Find out who one this year's regional trophy. And the winner is...
Szent István Korona Irsai Olivér 2010
Irsai Olivér is a grape few people outside Hungary will have heard of – and learning that it’s a cross of Csaba’s Pearl and Pozsonyi doesn’t exactly help. What drinkers do need to know is that it’s gently grapey, floral and Muscat-like (actually a grandparent), and, when made well, it gives delightful pretty summery wines.
This wine is made by Gábor Laczkó who, aged just 34, is the youngest winemaker at Törley, one of Hungary’s biggest producers. He studied food technology to start with but fell in love with wine through spending summer holidays visiting wine cellars with fellow students. Trips to Argentina and South Africa helped him to broaden his vision, though he notes, “we have to accept that we can only support Hungarian viticulture by consuming Hungarian wines.”

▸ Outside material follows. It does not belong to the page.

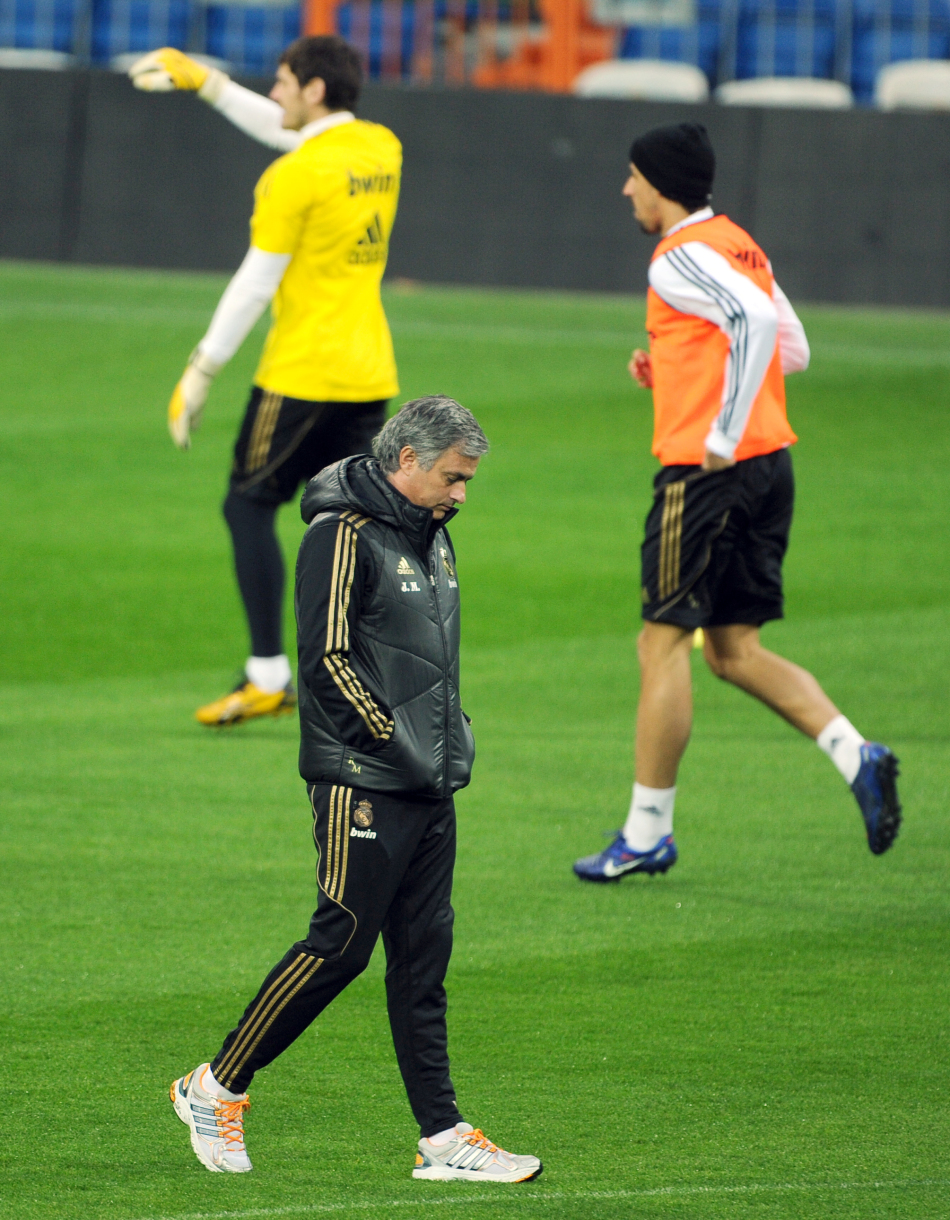 加时末段体能课后，辽宁本钢调整名单备战国王杯，管理层满意，团队化学反应显著的简单介绍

The Szent István Korona (St Stephen’s crown) range is his responsibility and he says “my aim is to make refreshing wines at affordable prices.” This is a wine that does exactly that, and that’s no small achievement in the cool, rain-drenched 2010 vintage, one of Hungary’s worst for years.
However, what made it a trophy winner is that it shows something that is relatively rare in wines in this price category: a true sense of place. It comes from just 14 hectares of vineyards in the rolling hill of Etyek-Buda. Here the cool climate and chalky subsoil give wines a fabulous, crisp acidity and mineral backbone – exactly what this grape needs to lift it above just pretty summer drinking, and all for a very affordable price.”